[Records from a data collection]
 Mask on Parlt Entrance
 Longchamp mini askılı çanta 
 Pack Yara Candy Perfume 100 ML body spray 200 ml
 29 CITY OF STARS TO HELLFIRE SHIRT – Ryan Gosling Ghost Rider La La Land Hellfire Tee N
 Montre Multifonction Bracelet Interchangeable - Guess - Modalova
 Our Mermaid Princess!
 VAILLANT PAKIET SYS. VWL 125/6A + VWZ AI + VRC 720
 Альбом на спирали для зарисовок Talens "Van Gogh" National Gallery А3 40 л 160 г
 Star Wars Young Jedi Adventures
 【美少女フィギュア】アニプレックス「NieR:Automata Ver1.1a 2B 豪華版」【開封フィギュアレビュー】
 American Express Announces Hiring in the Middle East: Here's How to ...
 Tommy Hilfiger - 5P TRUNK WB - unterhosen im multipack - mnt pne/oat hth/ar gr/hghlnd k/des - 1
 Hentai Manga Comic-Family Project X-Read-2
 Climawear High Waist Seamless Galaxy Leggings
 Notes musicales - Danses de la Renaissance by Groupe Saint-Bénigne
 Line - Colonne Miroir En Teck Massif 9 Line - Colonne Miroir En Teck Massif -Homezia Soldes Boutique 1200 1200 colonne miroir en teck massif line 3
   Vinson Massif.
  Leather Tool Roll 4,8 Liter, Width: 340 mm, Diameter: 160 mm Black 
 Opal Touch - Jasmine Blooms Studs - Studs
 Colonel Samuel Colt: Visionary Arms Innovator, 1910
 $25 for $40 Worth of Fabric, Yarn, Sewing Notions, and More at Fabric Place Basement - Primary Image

ACTIVITY
Repeat exactly the lines from the line containing "Star Wars Young Jedi Adventures" through the last line of the records above, including both, and nothing else.

WRITTEN ANSWER
 Star Wars Young Jedi Adventures
 【美少女フィギュア】アニプレックス「NieR:Automata Ver1.1a 2B 豪華版」【開封フィギュアレビュー】
 American Express Announces Hiring in the Middle East: Here's How to ...
 Tommy Hilfiger - 5P TRUNK WB - unterhosen im multipack - mnt pne/oat hth/ar gr/hghlnd k/des - 1
 Hentai Manga Comic-Family Project X-Read-2
 Climawear High Waist Seamless Galaxy Leggings
 Notes musicales - Danses de la Renaissance by Groupe Saint-Bénigne
 Line - Colonne Miroir En Teck Massif 9 Line - Colonne Miroir En Teck Massif -Homezia Soldes Boutique 1200 1200 colonne miroir en teck massif line 3
   Vinson Massif.
  Leather Tool Roll 4,8 Liter, Width: 340 mm, Diameter: 160 mm Black 
 Opal Touch - Jasmine Blooms Studs - Studs
 Colonel Samuel Colt: Visionary Arms Innovator, 1910
 $25 for $40 Worth of Fabric, Yarn, Sewing Notions, and More at Fabric Place Basement - Primary Image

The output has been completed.